TASK ITEM:
From the entries below, transcribe exactly the lines between the line holding "In this tutorial, you've" and the line holding "We are in Backup", inclusive; skip all other lines.

[Dataset entries]
*** Begin section ***
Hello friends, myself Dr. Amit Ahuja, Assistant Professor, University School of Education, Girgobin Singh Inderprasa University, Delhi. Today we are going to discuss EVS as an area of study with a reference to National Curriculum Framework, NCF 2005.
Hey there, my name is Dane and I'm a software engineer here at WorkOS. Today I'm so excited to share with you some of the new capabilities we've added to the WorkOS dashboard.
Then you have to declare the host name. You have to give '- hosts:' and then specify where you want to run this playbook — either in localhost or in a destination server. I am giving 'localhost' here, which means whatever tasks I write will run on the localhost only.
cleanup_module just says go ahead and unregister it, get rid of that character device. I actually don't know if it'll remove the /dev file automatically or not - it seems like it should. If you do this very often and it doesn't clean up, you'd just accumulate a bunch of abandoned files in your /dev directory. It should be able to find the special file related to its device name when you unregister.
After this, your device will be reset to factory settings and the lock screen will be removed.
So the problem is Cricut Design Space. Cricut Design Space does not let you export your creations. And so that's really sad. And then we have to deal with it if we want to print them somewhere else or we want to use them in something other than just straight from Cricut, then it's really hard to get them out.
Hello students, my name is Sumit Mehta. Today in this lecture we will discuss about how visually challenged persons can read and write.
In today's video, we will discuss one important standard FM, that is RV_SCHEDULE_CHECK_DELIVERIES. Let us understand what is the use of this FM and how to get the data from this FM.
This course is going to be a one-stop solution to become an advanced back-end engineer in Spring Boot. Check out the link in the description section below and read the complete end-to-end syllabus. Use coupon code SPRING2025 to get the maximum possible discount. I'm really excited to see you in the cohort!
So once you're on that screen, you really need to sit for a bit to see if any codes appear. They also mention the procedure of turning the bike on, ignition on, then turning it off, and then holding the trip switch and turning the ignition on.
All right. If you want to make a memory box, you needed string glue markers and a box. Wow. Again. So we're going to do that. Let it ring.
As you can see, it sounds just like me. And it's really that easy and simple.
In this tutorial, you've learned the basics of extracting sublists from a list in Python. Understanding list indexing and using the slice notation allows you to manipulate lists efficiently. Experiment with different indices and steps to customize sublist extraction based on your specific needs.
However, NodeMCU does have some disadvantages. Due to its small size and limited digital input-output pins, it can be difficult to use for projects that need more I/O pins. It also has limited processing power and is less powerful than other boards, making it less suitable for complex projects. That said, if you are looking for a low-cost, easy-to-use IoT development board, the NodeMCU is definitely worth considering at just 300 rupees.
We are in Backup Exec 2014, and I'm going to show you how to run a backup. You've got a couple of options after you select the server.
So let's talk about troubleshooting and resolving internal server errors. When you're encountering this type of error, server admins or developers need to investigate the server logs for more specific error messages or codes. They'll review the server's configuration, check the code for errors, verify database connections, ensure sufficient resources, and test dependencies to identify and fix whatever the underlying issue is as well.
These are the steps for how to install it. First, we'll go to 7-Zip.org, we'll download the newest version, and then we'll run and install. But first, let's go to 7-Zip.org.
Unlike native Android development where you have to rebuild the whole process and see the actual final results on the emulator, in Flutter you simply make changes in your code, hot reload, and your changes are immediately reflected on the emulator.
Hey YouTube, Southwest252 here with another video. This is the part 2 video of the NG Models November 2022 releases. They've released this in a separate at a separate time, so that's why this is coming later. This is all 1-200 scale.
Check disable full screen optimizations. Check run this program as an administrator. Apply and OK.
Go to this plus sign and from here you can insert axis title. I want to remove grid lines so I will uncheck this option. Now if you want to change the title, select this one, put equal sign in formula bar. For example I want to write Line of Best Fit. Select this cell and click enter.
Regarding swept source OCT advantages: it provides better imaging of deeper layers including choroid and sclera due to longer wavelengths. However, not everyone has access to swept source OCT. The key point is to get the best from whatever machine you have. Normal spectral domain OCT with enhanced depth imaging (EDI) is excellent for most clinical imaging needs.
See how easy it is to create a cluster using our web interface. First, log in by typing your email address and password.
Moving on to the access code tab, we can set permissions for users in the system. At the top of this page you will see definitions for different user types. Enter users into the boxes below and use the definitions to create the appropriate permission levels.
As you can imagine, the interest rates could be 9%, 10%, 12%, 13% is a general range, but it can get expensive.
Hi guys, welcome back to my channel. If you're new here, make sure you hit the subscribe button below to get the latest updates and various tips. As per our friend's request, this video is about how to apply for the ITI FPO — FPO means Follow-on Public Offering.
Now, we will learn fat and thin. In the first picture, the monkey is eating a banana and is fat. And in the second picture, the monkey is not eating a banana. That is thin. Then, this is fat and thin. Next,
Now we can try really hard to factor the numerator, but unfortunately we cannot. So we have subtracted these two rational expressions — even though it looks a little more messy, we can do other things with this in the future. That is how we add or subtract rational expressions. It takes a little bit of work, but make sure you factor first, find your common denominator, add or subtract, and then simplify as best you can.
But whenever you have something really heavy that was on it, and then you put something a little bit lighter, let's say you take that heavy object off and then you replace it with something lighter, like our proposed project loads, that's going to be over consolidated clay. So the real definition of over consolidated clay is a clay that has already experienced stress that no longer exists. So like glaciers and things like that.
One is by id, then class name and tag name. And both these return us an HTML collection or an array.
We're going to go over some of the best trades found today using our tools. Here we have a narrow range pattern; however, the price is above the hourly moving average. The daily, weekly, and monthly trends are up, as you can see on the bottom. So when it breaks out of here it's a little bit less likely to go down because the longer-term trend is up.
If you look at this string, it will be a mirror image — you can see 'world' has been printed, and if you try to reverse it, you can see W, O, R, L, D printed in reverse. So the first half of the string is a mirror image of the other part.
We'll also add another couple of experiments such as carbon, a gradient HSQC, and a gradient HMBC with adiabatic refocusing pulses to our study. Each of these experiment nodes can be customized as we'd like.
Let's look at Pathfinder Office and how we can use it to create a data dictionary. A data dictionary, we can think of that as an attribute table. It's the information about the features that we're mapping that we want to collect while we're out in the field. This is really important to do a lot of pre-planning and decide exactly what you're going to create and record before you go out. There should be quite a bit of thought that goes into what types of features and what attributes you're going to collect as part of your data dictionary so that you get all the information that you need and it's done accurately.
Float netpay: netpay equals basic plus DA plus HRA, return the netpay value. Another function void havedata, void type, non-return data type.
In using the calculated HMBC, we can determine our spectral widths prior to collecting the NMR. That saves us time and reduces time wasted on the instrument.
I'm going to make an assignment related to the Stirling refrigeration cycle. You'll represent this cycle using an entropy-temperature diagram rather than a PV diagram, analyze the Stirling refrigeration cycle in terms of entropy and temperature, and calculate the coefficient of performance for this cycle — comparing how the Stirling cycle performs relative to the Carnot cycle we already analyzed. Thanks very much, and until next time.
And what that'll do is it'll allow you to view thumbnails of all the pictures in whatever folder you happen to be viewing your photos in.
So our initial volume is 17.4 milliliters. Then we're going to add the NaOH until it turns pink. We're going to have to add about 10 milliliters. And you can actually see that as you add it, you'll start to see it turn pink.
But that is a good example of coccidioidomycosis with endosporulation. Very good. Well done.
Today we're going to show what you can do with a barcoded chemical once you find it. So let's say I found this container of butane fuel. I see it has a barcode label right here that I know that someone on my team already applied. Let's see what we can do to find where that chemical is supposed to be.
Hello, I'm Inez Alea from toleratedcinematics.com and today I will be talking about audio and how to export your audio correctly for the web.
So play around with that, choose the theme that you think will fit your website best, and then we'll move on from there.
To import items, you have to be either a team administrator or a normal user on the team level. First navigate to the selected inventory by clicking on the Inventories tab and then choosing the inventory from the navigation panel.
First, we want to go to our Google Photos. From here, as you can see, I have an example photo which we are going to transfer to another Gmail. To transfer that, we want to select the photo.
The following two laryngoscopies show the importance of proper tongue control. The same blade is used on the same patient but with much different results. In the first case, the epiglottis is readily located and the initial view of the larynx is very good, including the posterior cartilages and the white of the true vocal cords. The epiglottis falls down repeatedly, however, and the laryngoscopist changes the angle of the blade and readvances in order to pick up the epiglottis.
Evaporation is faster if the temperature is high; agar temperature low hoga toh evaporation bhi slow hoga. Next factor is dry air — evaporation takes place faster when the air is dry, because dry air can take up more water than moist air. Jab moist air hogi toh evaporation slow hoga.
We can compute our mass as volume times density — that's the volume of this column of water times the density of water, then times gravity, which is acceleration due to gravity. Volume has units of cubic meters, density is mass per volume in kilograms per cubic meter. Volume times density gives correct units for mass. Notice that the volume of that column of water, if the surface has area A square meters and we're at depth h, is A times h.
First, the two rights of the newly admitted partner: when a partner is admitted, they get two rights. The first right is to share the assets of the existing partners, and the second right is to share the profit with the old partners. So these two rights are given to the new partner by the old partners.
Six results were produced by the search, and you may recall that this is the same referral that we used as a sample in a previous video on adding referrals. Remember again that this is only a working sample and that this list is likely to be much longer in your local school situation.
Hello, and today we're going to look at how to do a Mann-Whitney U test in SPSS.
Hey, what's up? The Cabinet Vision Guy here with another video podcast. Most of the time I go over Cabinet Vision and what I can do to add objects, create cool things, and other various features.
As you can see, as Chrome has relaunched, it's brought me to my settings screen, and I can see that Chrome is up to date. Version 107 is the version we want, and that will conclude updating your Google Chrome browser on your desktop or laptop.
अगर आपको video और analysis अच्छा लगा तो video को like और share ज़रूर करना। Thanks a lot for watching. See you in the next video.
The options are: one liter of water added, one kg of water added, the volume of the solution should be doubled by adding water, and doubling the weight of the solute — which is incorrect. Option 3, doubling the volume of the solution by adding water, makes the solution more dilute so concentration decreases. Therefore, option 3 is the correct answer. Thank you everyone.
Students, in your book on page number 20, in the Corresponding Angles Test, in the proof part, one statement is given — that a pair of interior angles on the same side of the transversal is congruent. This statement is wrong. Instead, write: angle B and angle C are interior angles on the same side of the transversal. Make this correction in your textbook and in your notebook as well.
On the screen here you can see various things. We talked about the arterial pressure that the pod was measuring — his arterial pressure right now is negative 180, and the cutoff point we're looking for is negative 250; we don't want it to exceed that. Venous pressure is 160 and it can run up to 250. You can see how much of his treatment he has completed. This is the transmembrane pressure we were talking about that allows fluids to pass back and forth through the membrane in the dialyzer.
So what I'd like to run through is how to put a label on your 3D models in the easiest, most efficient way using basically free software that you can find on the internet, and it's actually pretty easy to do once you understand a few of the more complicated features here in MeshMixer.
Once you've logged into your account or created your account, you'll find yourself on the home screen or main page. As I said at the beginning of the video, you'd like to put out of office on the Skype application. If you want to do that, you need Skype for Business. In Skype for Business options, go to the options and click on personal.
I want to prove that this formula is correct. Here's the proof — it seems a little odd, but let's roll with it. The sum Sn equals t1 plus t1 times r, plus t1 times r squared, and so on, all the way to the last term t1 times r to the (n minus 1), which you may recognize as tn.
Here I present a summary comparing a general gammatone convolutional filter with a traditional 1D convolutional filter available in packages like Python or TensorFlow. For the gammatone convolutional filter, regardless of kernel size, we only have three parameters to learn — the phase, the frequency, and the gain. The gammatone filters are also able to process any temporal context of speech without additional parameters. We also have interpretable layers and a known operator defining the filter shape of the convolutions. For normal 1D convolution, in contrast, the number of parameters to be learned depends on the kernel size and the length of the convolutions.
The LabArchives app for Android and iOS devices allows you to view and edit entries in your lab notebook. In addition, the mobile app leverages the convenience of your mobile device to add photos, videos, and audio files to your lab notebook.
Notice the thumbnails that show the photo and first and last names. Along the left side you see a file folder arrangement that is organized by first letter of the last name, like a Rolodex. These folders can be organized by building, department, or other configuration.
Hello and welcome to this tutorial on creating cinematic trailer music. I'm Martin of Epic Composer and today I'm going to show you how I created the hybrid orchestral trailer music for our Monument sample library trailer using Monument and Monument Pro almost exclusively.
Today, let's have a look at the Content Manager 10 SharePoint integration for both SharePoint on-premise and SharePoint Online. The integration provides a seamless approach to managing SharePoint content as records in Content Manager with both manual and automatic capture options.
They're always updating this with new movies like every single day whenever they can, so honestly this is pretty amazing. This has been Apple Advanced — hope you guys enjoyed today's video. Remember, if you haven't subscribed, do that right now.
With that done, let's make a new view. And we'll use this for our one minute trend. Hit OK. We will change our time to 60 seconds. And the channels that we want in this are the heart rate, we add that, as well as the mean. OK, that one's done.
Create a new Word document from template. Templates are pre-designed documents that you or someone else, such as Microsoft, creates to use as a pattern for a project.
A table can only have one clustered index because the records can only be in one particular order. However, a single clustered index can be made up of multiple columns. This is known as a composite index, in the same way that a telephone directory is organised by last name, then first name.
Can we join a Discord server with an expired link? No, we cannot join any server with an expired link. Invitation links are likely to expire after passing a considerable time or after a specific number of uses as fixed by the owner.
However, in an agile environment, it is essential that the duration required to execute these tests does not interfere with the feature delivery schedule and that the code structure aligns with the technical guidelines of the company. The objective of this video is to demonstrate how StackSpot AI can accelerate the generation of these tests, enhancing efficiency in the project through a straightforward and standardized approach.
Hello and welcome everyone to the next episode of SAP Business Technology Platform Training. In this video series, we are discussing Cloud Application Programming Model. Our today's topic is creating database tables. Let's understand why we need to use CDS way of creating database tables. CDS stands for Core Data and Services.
*** End section ***
TASK ANSWER:
In this tutorial, you've learned the basics of extracting sublists from a list in Python. Understanding list indexing and using the slice notation allows you to manipulate lists efficiently. Experiment with different indices and steps to customize sublist extraction based on your specific needs.
However, NodeMCU does have some disadvantages. Due to its small size and limited digital input-output pins, it can be difficult to use for projects that need more I/O pins. It also has limited processing power and is less powerful than other boards, making it less suitable for complex projects. That said, if you are looking for a low-cost, easy-to-use IoT development board, the NodeMCU is definitely worth considering at just 300 rupees.
We are in Backup Exec 2014, and I'm going to show you how to run a backup. You've got a couple of options after you select the server.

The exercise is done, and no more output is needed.